LED dimmer

[Cabwood]

Ugly, and incomplete, but hey, it's a work in progress!
This was the test circuit I messed around with. The biggest trouble with it is my opamp's limited output swing, making levels difficult to predict, and making it complicated to switch the transistor. Amongst other things.

View attachment 39407

 

[Cabwood]

Here's the last version of this that I'm going to do.

At the top left is a nearly-trianglular waveform generator. The peak and trough voltages are carefully chosen. The bottom left part is the ramp generator. I decided to be careful here because the level limits are important, given the range of the triangle wave it will be compared to - hence the use of two opamps.

The last opamp of the four available is the comparator, which switches TR1. R12 is there to compensate for the opamp output not swinging low enough.

The ramp output swings through the whole range (3V - 9V) in about 5 seconds. Change R8 or C2 to speed it up or slow it down.

It turns out that this was a waste fo time, because it doesn't do any better than the simple two-transistor dimmer I posted first. The perceived brightness of an LED seems to be proportional to the log of the power it dissipates, which means both circuits seem to change brightness quickly when dim, and slowly when bright.

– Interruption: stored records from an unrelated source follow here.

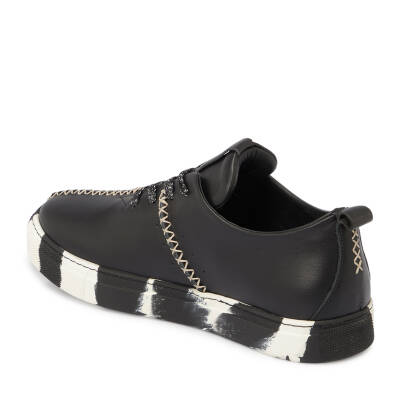 Siyah Deri Kadın Sneaker - K24I1AY67197-A23 - 2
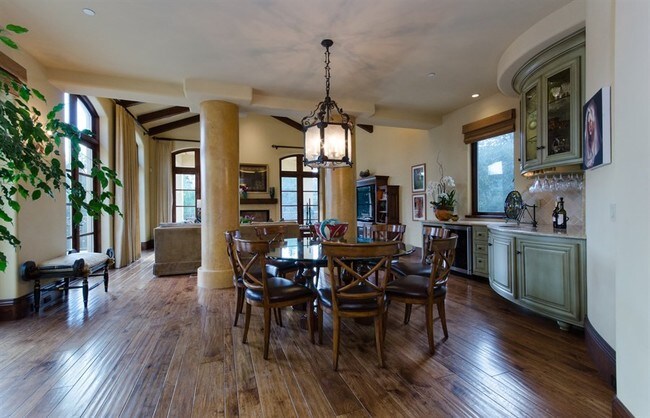 Foto del edificio - 24621 Summerhill Ave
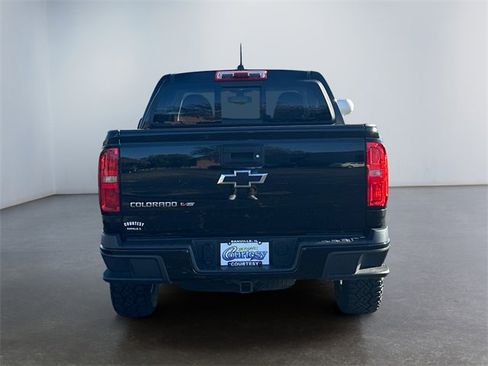 Used 2017 Chevrolet Colorado Z71 w/ Z71 Midnight Edition image 4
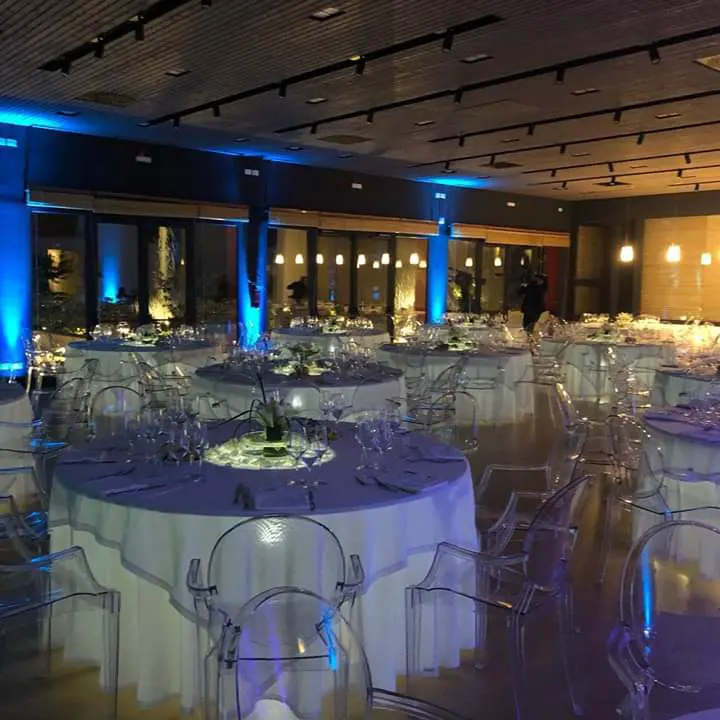 Tavolo rotondo luminoso diam. cm 180 h (75)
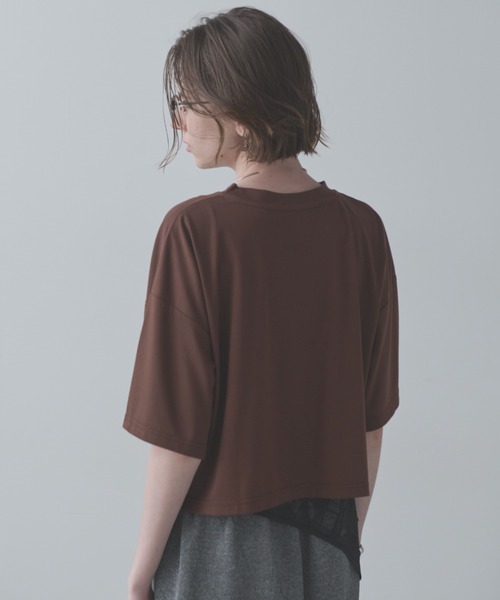 Aunt Marie's(アントマリーズ)の「【接触冷感】クロップドショートスリーブTシャツ(Tシャツ/カットソー・レディース・ホワイト/ネイビー/ピンク/ライトブルー/ブラック/ブラウン/グリーン・FREE)」の8枚目の写真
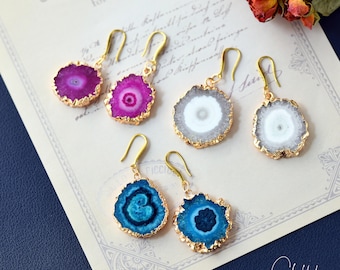 Boucles d'oreilles crochet brutes en agate brute, boucles d'oreilles en cristal avec trou et grappe, boucles d'oreilles tranche d'agate avec collier assorti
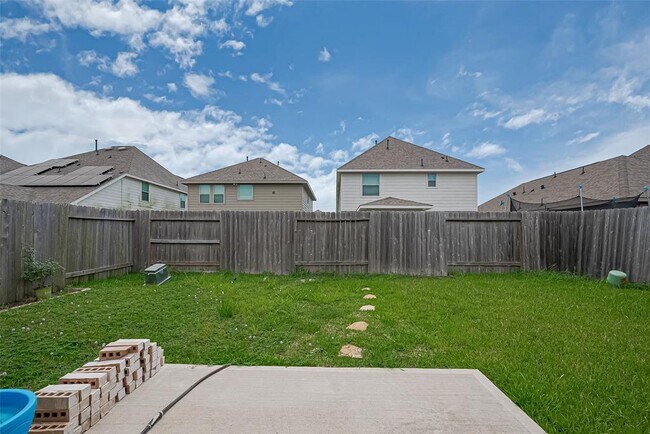 Building Photo - 14214 Singing Oaks Trl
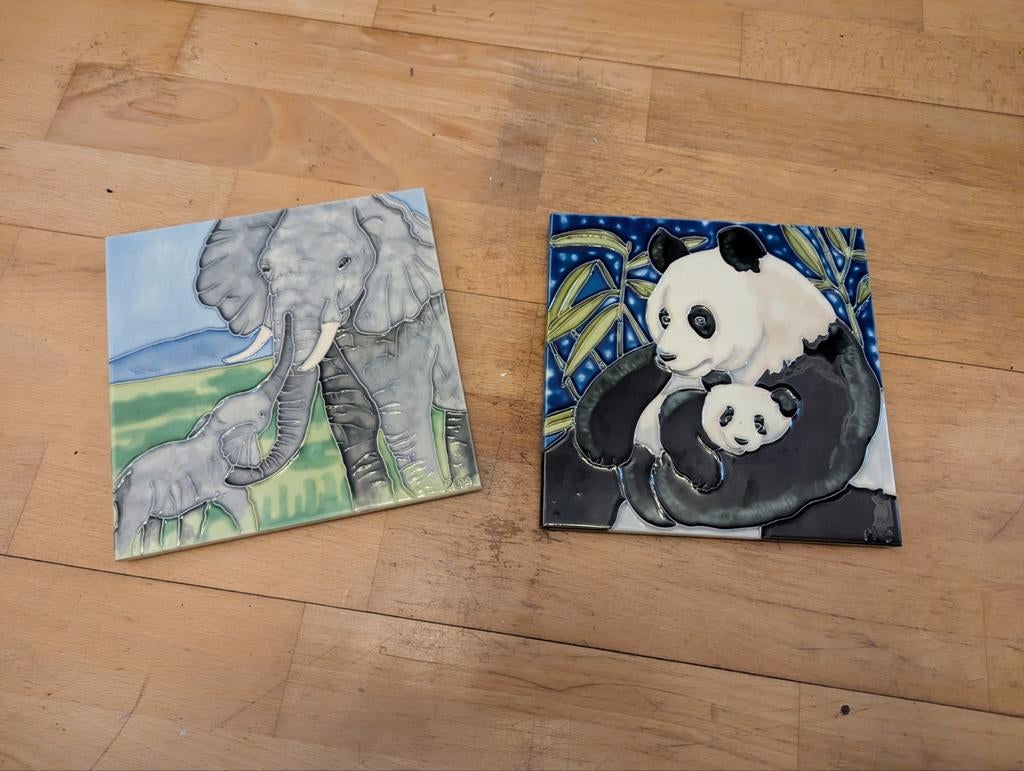 Ceramic wall art elephant and panda, Ophalen of Verzenden, Ceramic, Alexandra.rl.walke@gmail.com, 7315ba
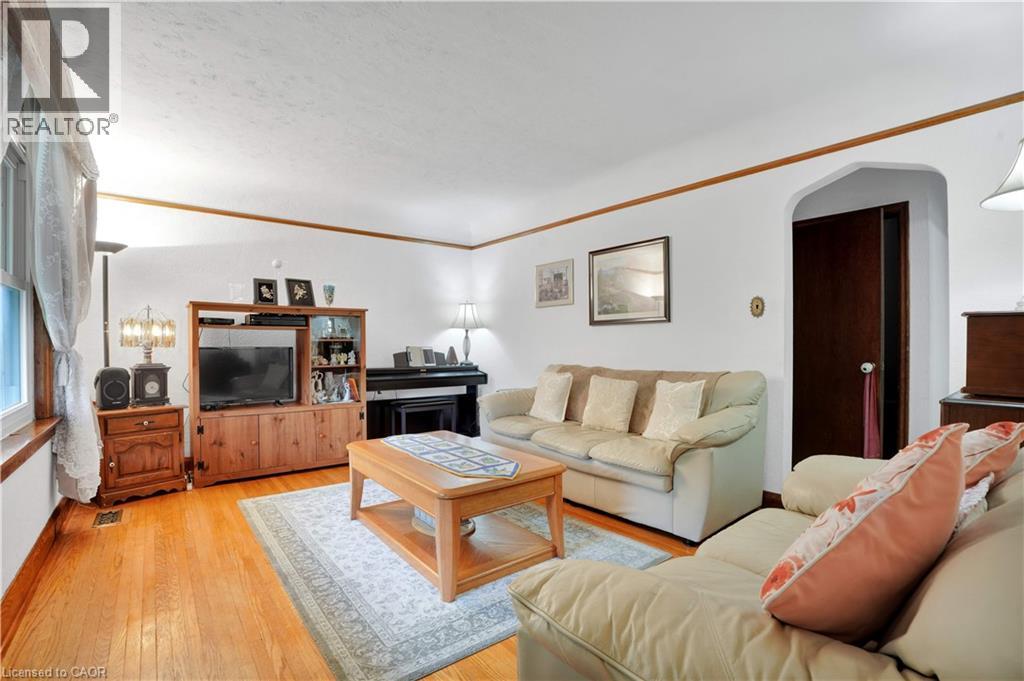 22 Graber Place, Kitchener, Ontario  N2A 1G8 - Photo 3 - 40815505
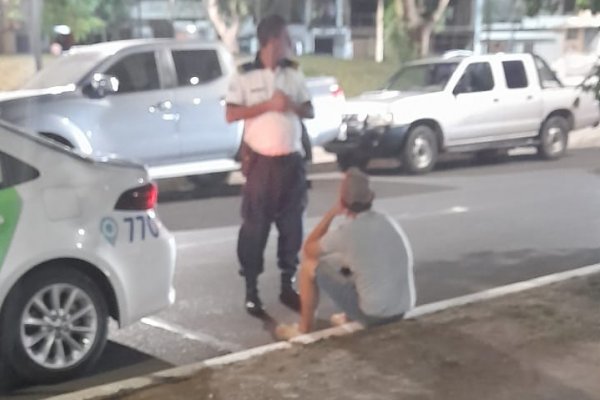 La Policía demoró a un joven que observaba los vehículos estacionados  y resultó registrar antecedentes policiales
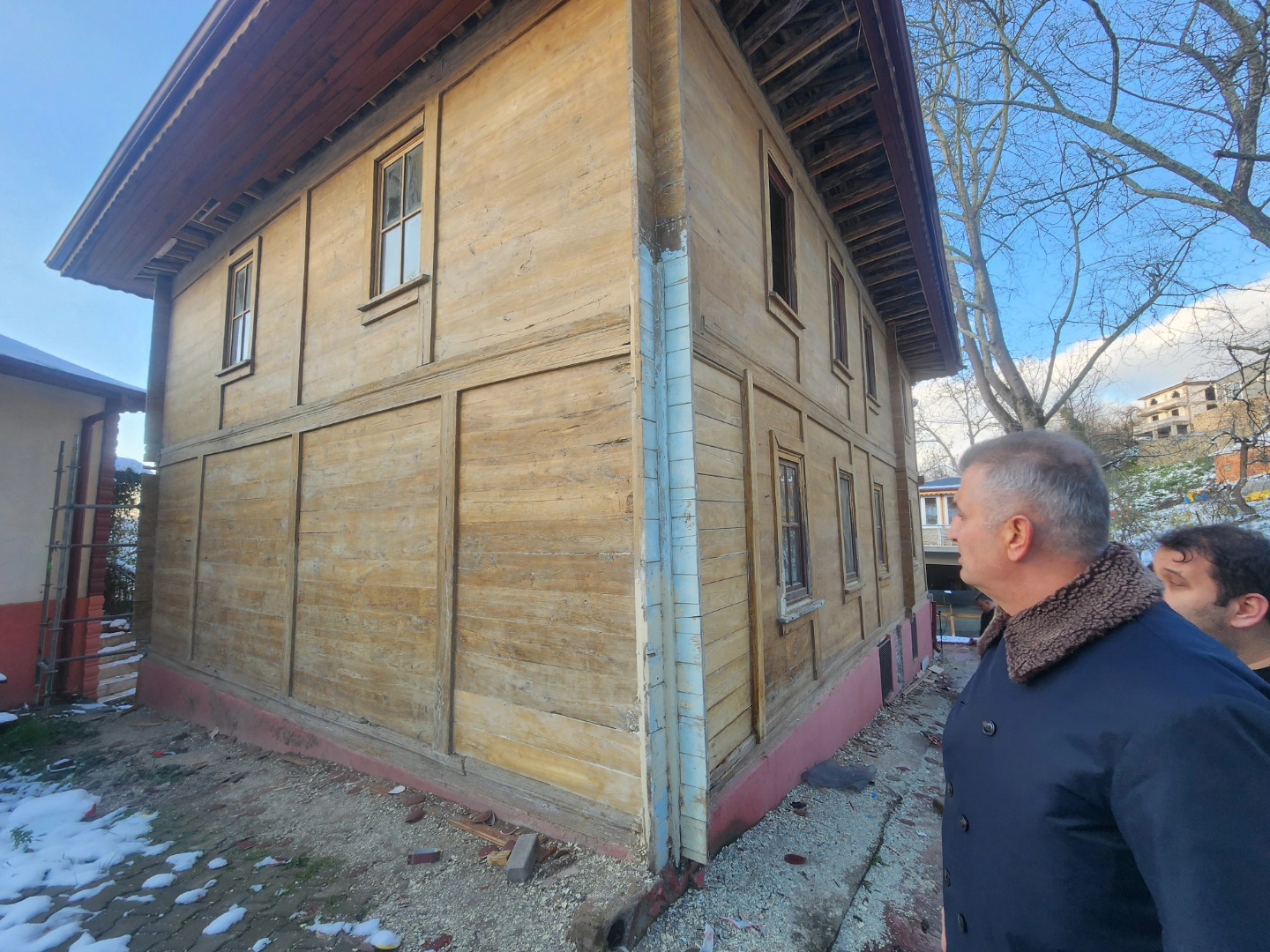 Gölcük’te Nüzhetiye Camii restorasyonu sürüyor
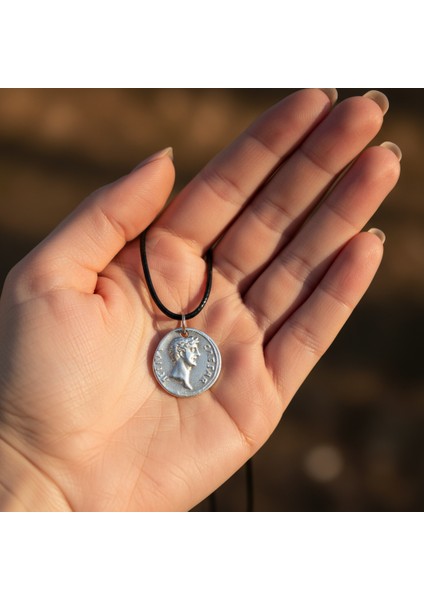Roma Parası Sikke - Sezar Gümüş Kaplama Deri İp Kolye fırsatları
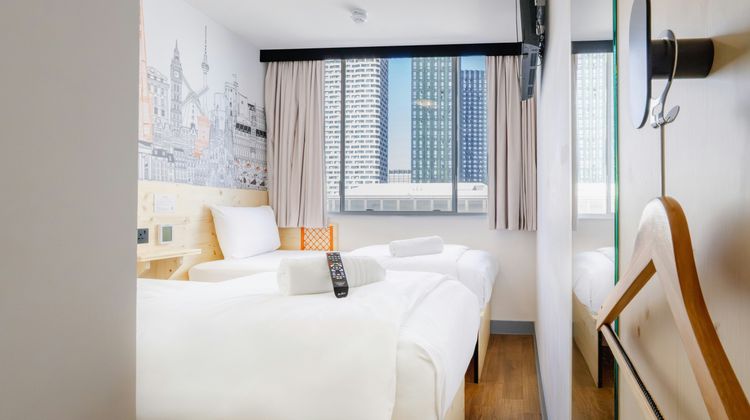 easyHotel Croydon Town Centre Room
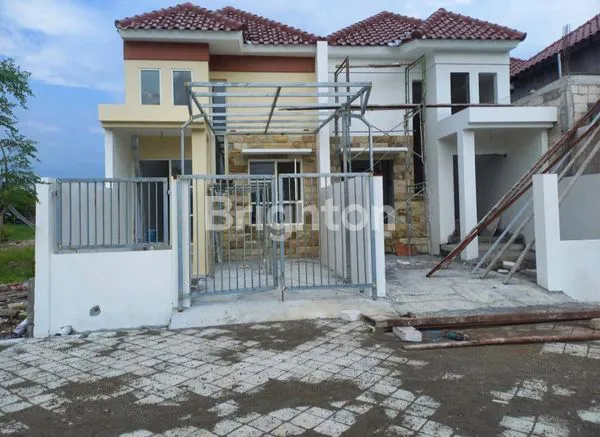 image RUMAH BARU GRESS SIAP HUNI, LOKASI NYAMAN DAN DI LINGKUNGAN ASRI, DAERAH WONOREJO, SELANGKAH KE MERR (2)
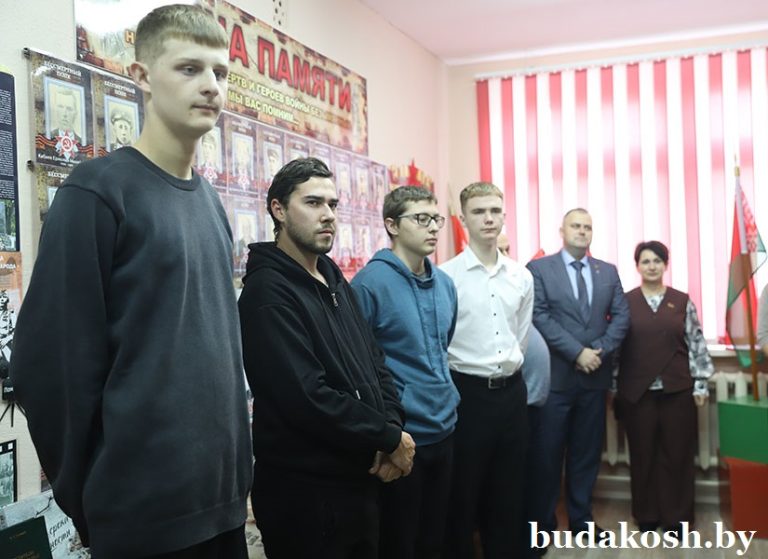 Молодым кадрам на селе – особое внимание. В Гусевицком сельисполкоме прошла встреча руководства района с молодыми специалистами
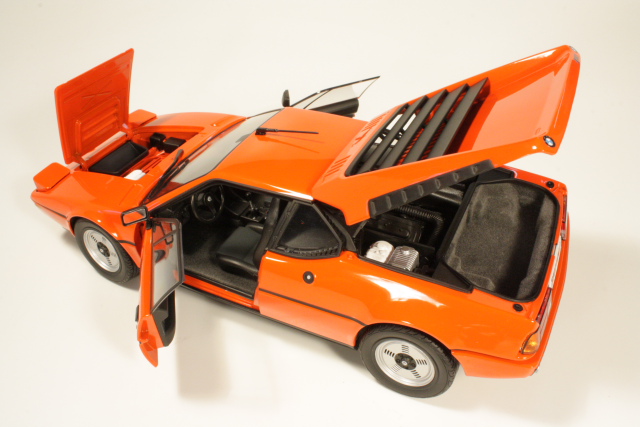 BMW M1 1978, punainen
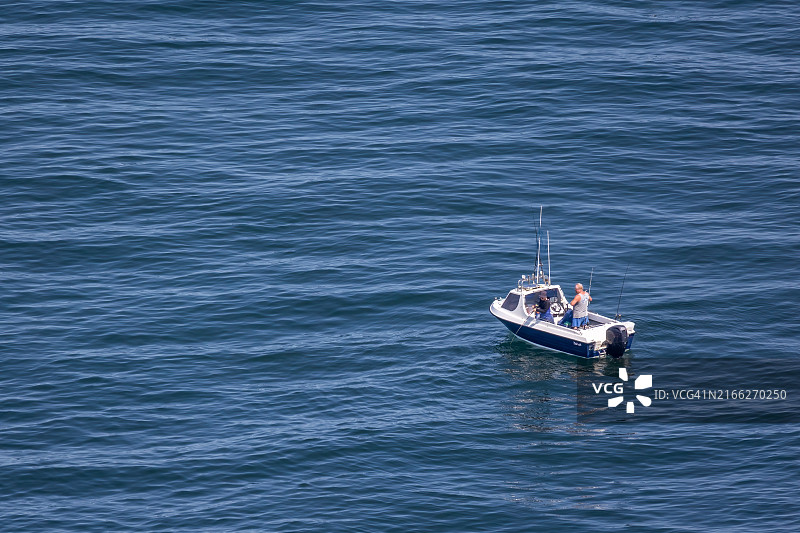 海上钓鱼图片素材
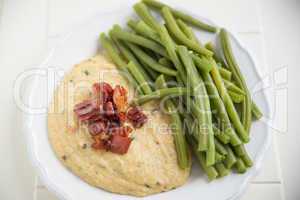 Polenta mit Fisolen und Speck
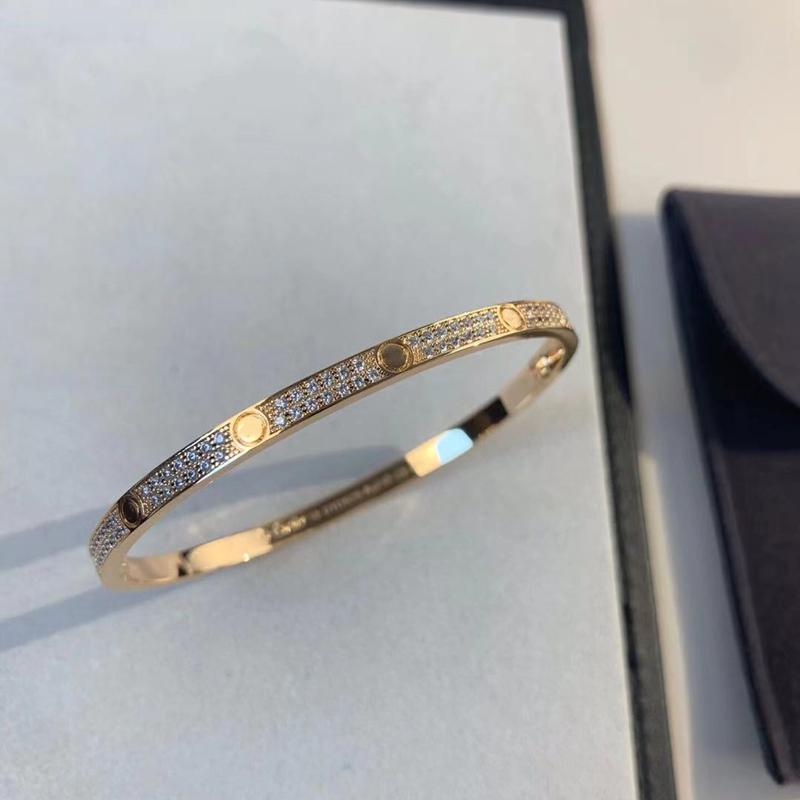 Titanium Steel 2 Row Full Diamond Bracelet Fashion Women Men Chirstmas Bangle Bracelets Distance Jewelry Gift with velvet bag
Titanium Steel 2 Row Full Diamond Bracelet Fashion Women Men Chirstmas Bangle Bracelets Distance Jewelry Gift with velvet bag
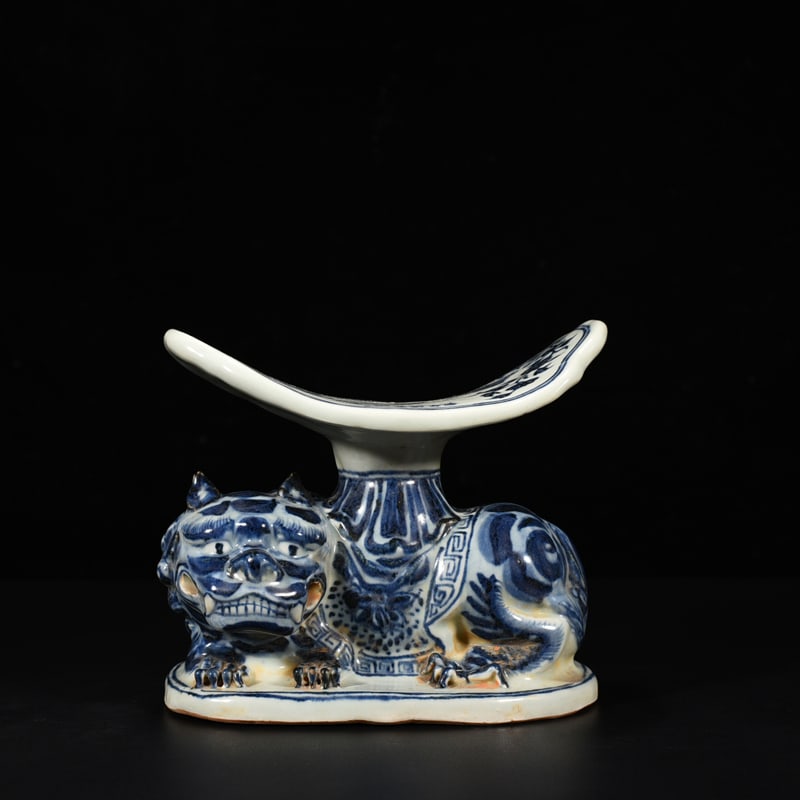 An Exquisite Chinese blue and white lion pillow: Size: Height 15 cm - Widthh 18 cm Materials: Porcelain Dynasty: Ming dynasty Attribution: Xuande Object: pillow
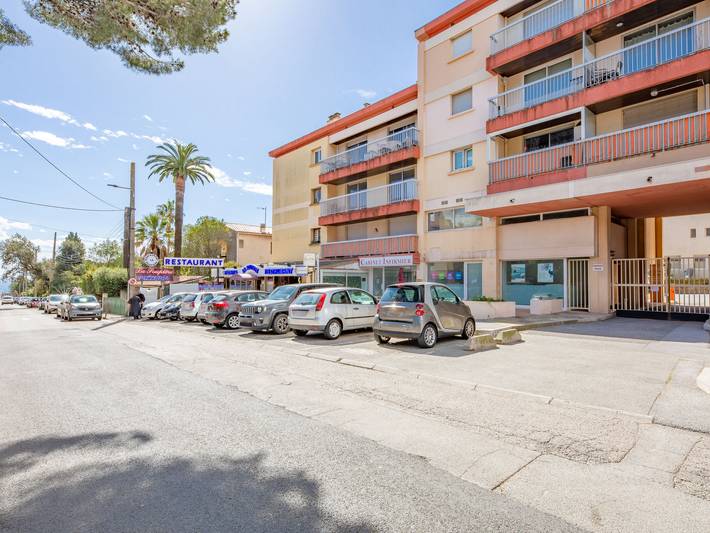Entire apartment, L'Espelido in Saint-Aygulf, Frejus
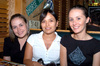 04102009 Amigas. Sandra Rivas, Abby Aguirre y Mónica Luna.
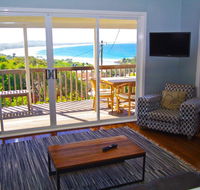 Awesome View 4 View Street - Schoolies Week Accommodation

So, I played with a log amplifier to do this, which worked OK, but it's severe overkill for a simple dimmer circuit.

View attachment 39426

 

[indulis]

You might try looking at the data sheets and app's notes for the Linear Tech LT3486 and LT3474 for ideas. They seem to control brightness by voltage not duty cycle directly.

 

[audioguru2]

Yes, the response of your vision to brightness is logarithmic, like your hearing.
The exponential charge and discharge voltages of your capacitor are the opposite to what is needed.

I made some slowly fading and brightening LEDs by including a coupling capacitor in the positive feedback loop of an opamp. The overall gain was 2 so when the cap charged 0.1V then the output was 0.2V. Then it charged another 0.1V to 0.2V and the output was 0.4V, etc. The opposite occurred during the discharge.

My Chaser projects use PWM as a brightness control for very long battery life. The width of the pulse changes more than 1000:1 for brightness control.